◆ **WORK ITEM**:
Pictures in the entries below are to be left out; otherwise, reproduce exactly the lines from the first through the line containing "Chapter 5 is".

[SUPPLIED INFORMATION — start]

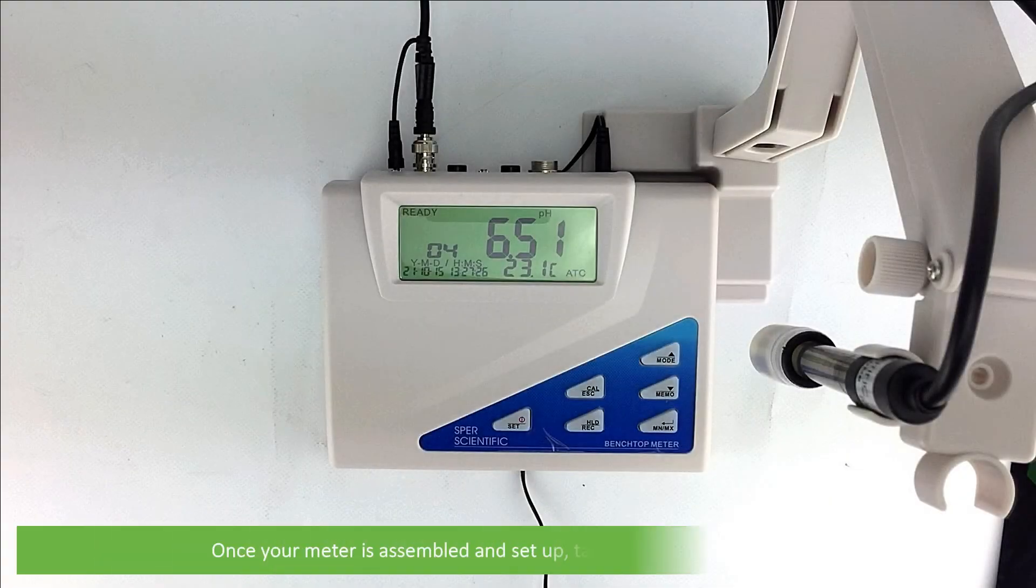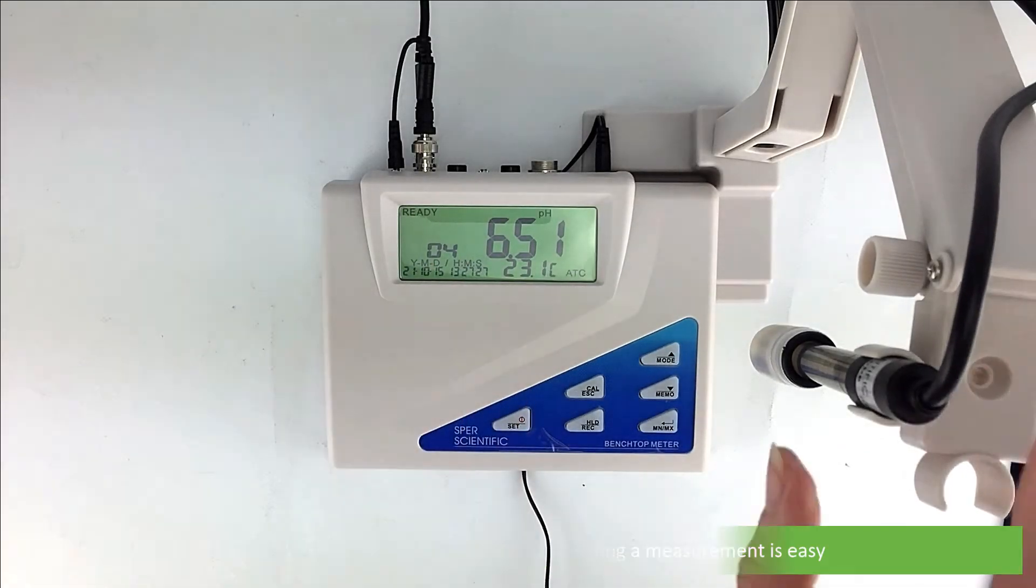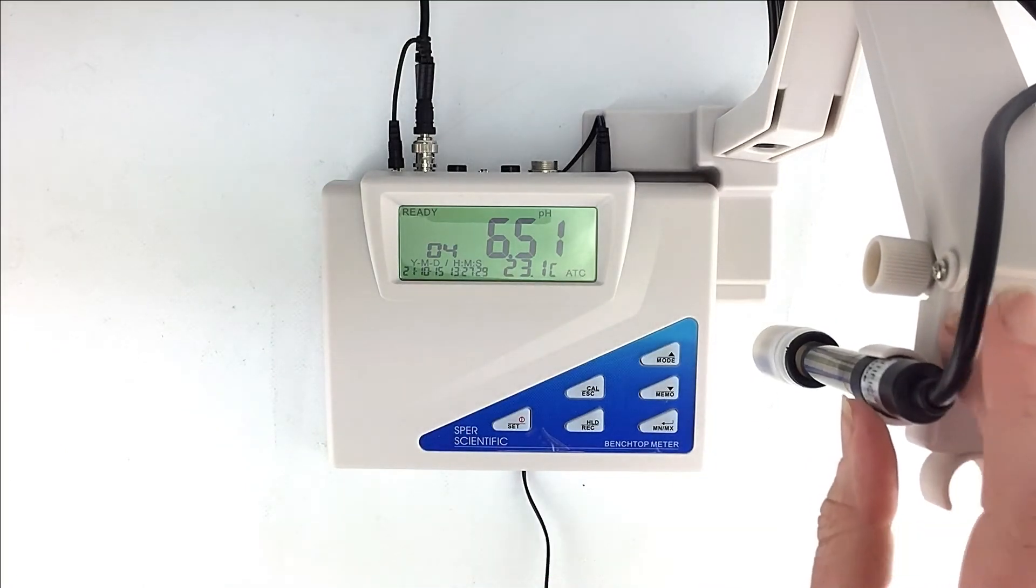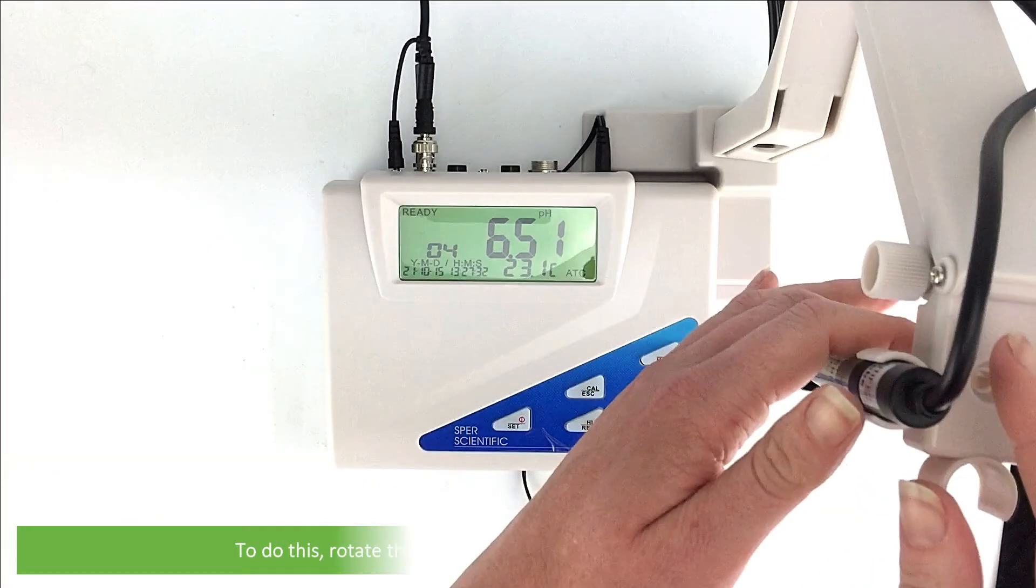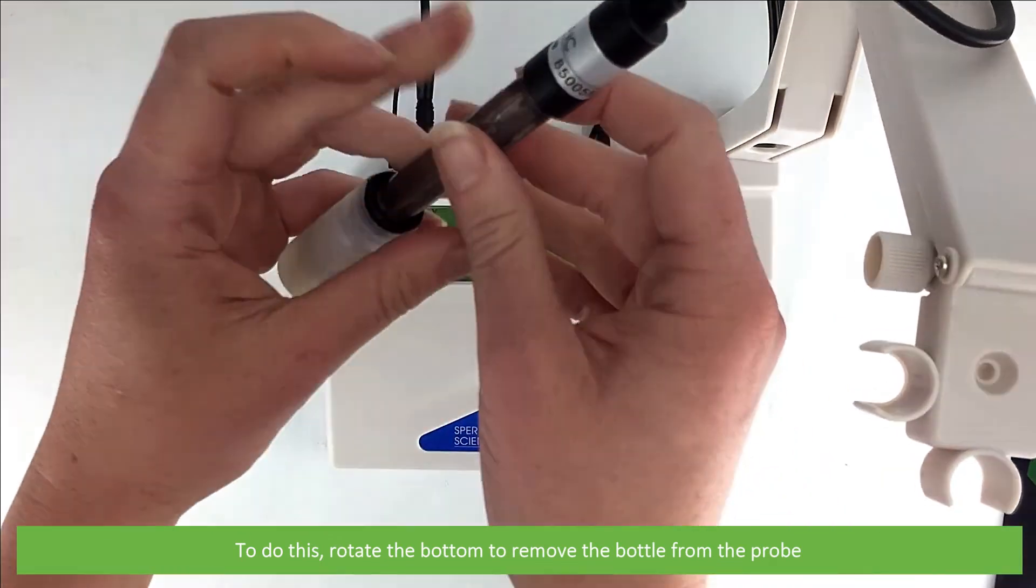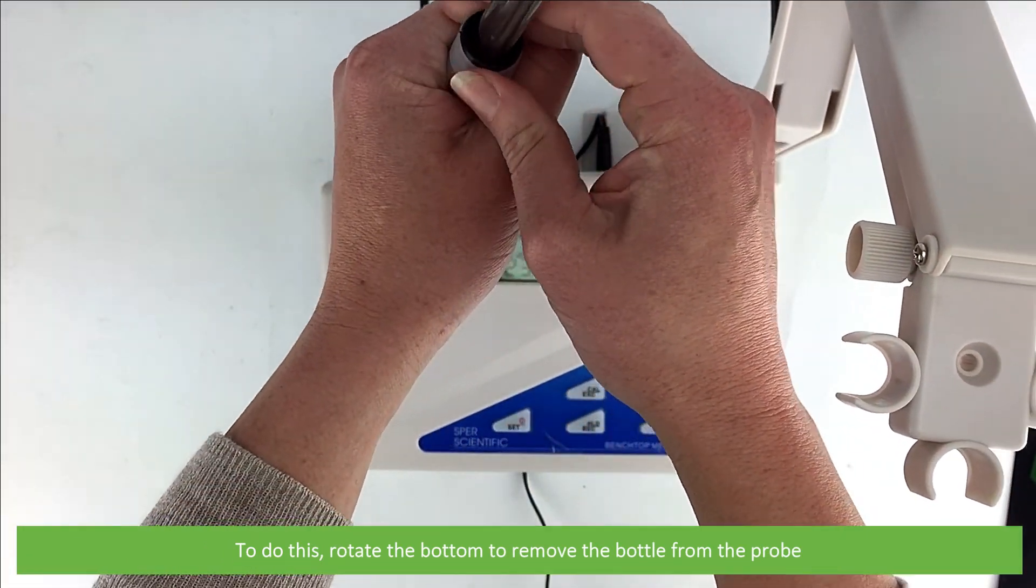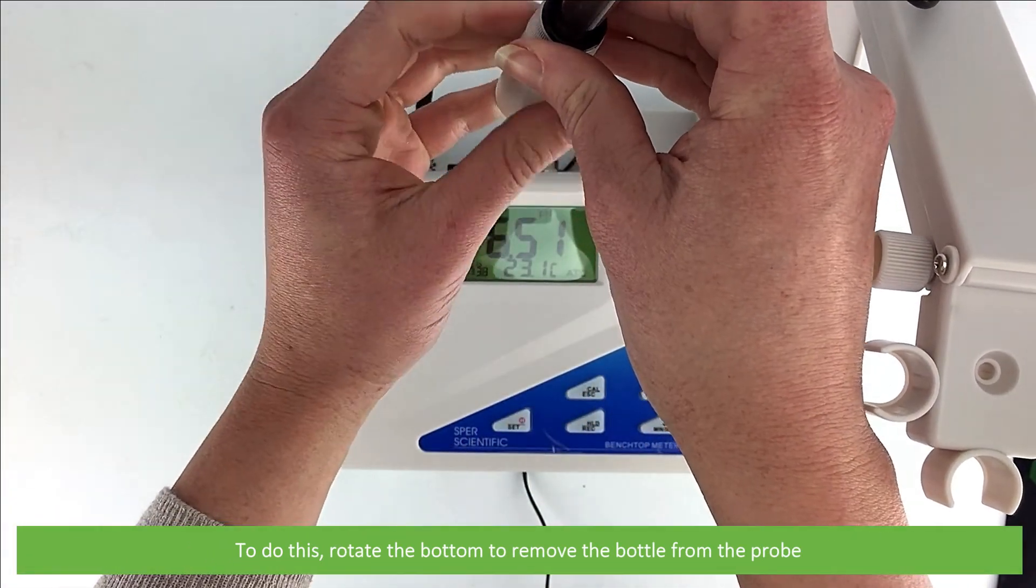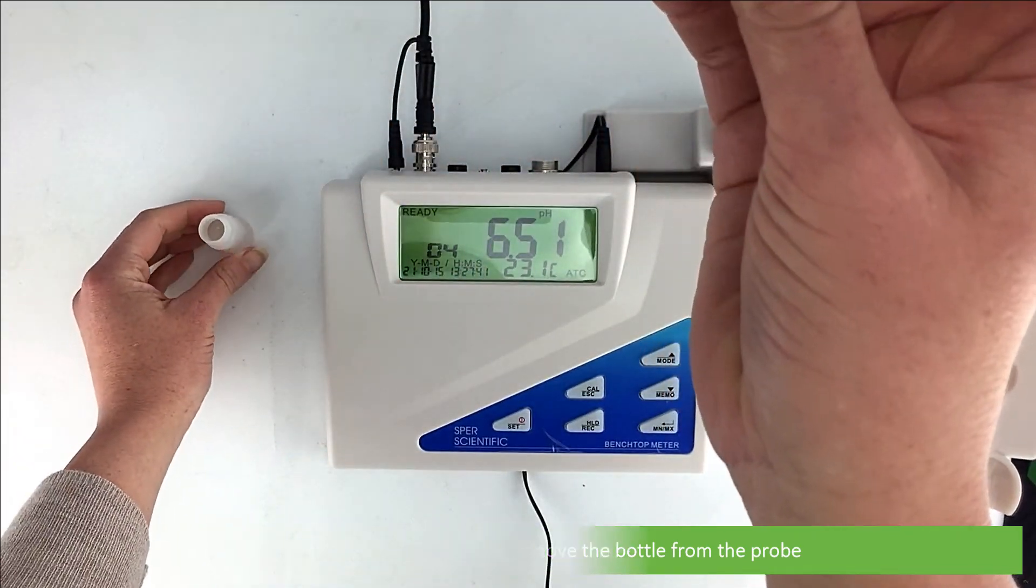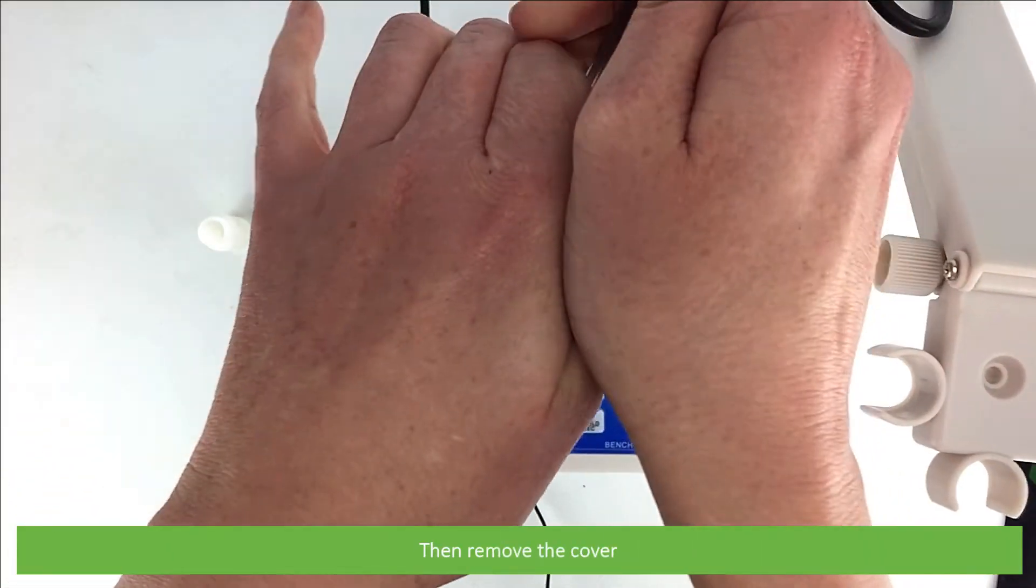Once your meter is assembled and set up, taking your measurement is easy. Remove the storage cap from the electrode. To do this, rotate the bottom of the storage cap to remove the bottle from the probe. Then remove the cover.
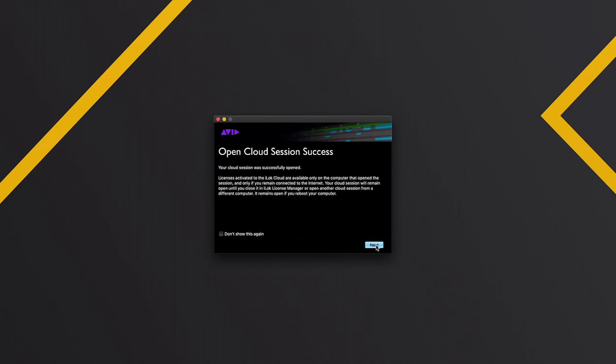You might need to go through and reauthorize your subscription or your Pro Tools license. If you've got an i-lock, make sure that's plugged in. If you've got a cloud license, make sure you go through this process, put in your details, activate your cloud session.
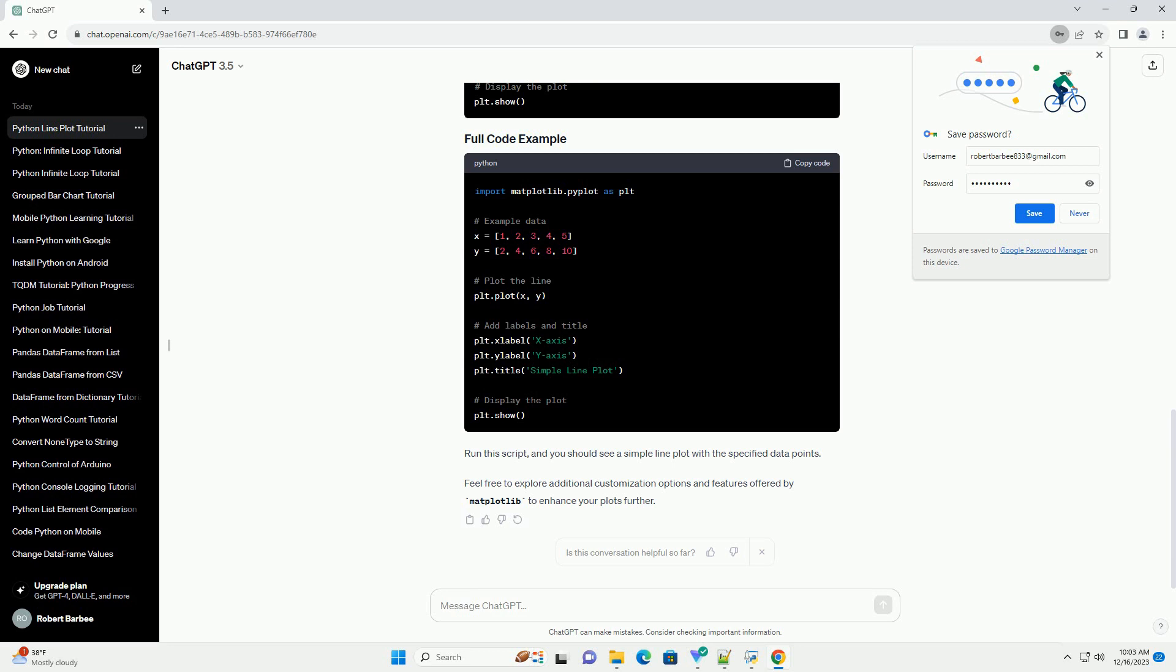Feel free to explore additional customization options and features offered by Matplotlib to enhance your plots further.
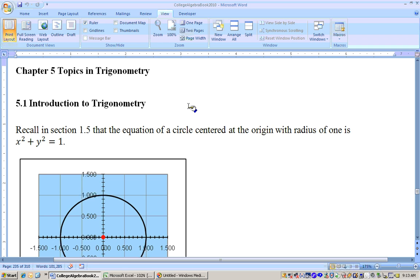Chapter 5 is on topics in trigonometry, and section 5.1 is an introduction to trigonometry.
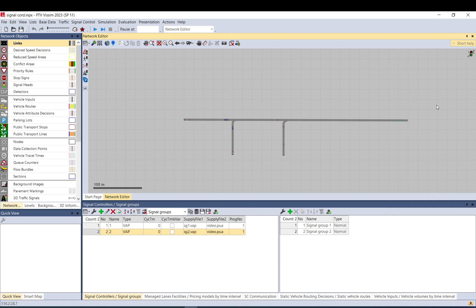Hello everyone. In this video I would like to talk about signal coordination — how you can link different signal controllers or synchronize them. This is going to be a VSWAP video.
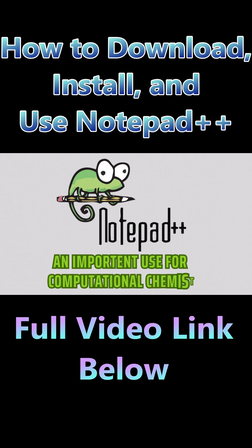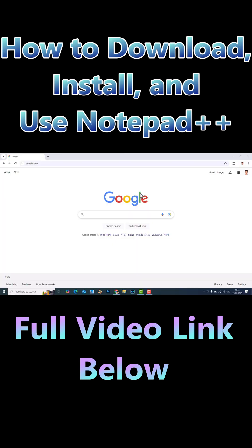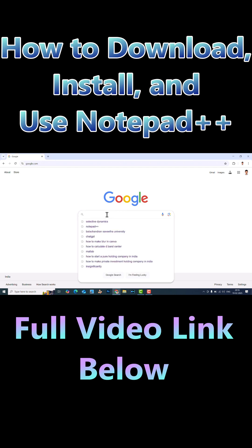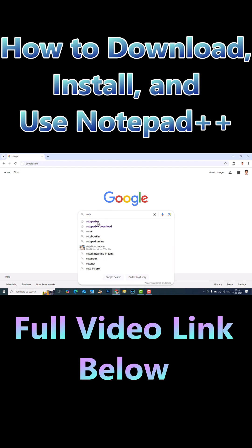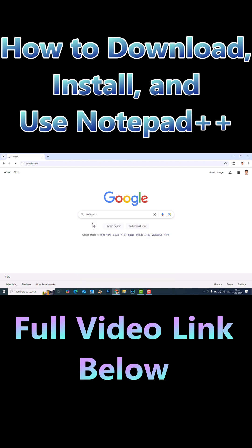Now I will tell you how to download and install Notepad++ software. Just go to google.com and type 'Notepad++'.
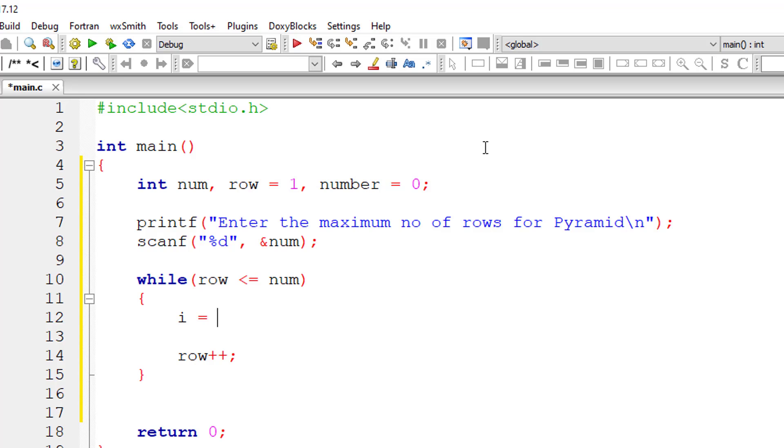Now I'll initialize the variable i to 0. I think we haven't declared it, let me declare it first.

[SUPPLIED INFORMATION — finish]

◆ **SOLUTION TO THIS EXERCISE**:
Once your meter is assembled and set up, taking your measurement is easy. Remove the storage cap from the electrode. To do this, rotate the bottom of the storage cap to remove the bottle from the probe. Then remove the cover.
You might need to go through and reauthorize your subscription or your Pro Tools license. If you've got an i-lock, make sure that's plugged in. If you've got a cloud license, make sure you go through this process, put in your details, activate your cloud session.
Feel free to explore additional customization options and features offered by Matplotlib to enhance your plots further.
Chapter 5 is on topics in trigonometry, and section 5.1 is an introduction to trigonometry.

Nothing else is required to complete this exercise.